Sequence viewing > Index - Cameras - lenses - optics - Resource - ©
Lloyd Godman
Film - Digital
Lens
selection - affect on perspective
Lens selection for a subject can have a crucial effect on
visual representation of a subject.
Initially for the Architectural Sites
of Contestation project I used a 135mm lens with
a 6x6 format camera. But as the project was centred on building
sites with acute angles, I experimented and found that a 40mm
lens gave a far more dramatic effect. While the 135mm lens
gave the building a realistic proportion it flattened off
the acute angles the buildings sat on an made then look closer
to a right angle.
If we photograph an object, say a gazebo, from the distance
with a telephoto lens we can fill the frame with the gazebo.

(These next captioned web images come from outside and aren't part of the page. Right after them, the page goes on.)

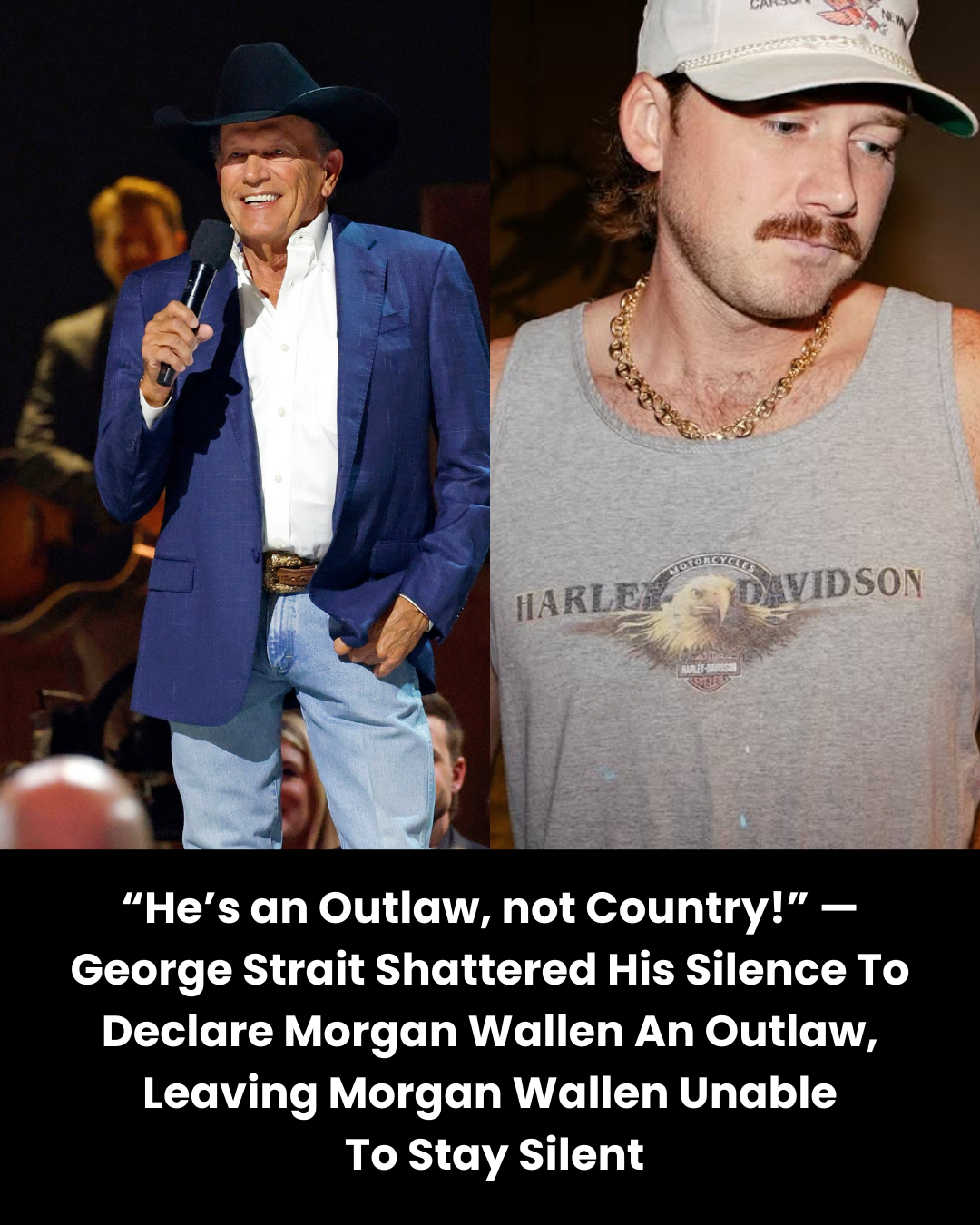“He’s an Outlaw, not Country!” — George Strait Shattered His Silence To Declare Morgan Wallen An Outlaw, Leaving Morgan Wallen Unable To Stay Silent.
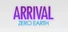 ARRIVAL: ZERO EARTH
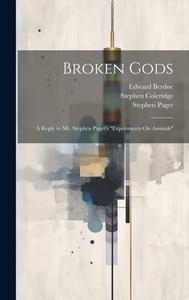 Broken Gods: A Reply to Mr. Stephen Paget's "Experiments On Animals" di Stephen Paget, Edward Berdoe, Stephen Coleridge edito da LEGARE STREET PR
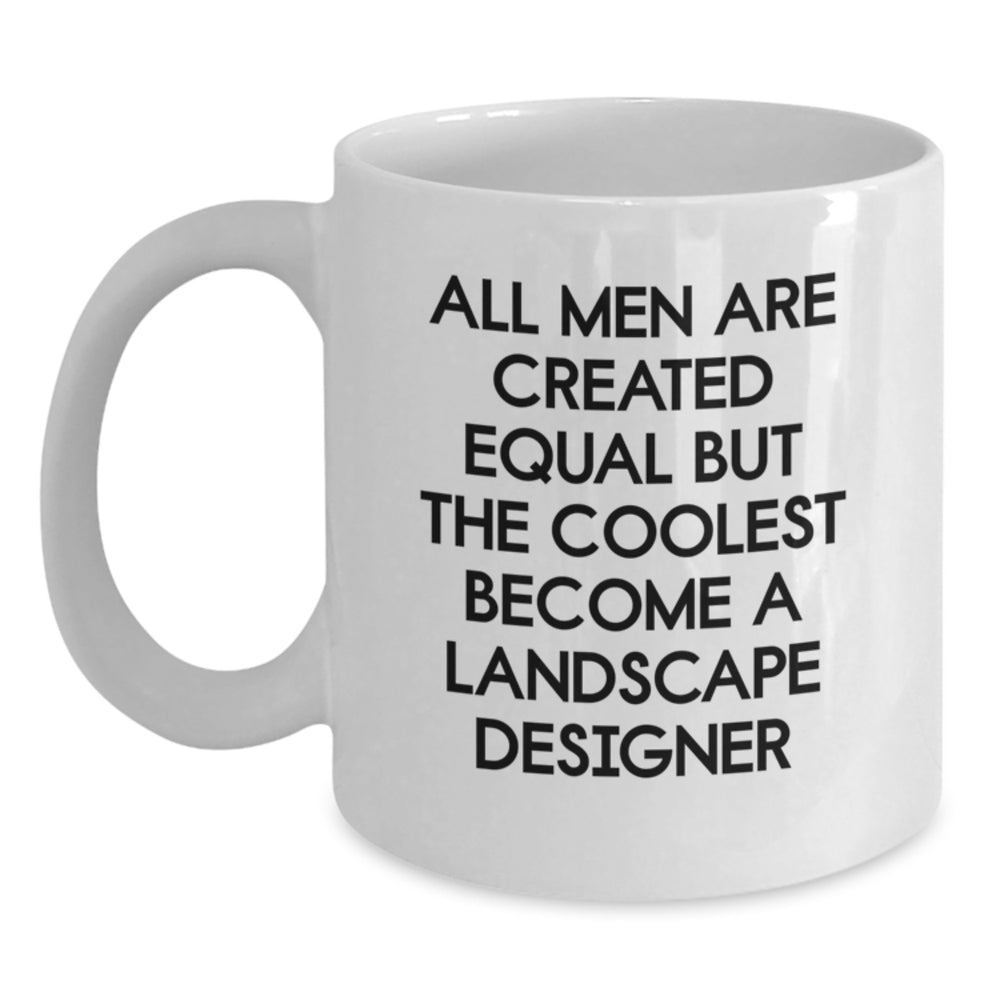 Landscape Designer Gifts Funny Quote White Coffee Mugs - 'All Men Are Created Equal But The Coolest Become A Landscape Designer' Gifts from Men for Landscape Designers - Main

Then if we photograph it from the same spot with a wide-angle
lens, the gazebo will appear quite small in the frame and
we will have the wider setting that it is placed in as part
of the image. But if take the wide-angle lens shot and we
crop and enlarge up the section with the gazebo in to match
the telephoto image, we will see that the perspective is actually
the same. That is the vertical and horizontal lines running
off to a vanishing point. The enlargement would of course
give us a very grainy or low-resolution image, and normally
if we were using a wide-angle lens we would step forward to
fill the frame. So, it is this change of camera viewpoint
to the subject, which alters the perspective, not the lens.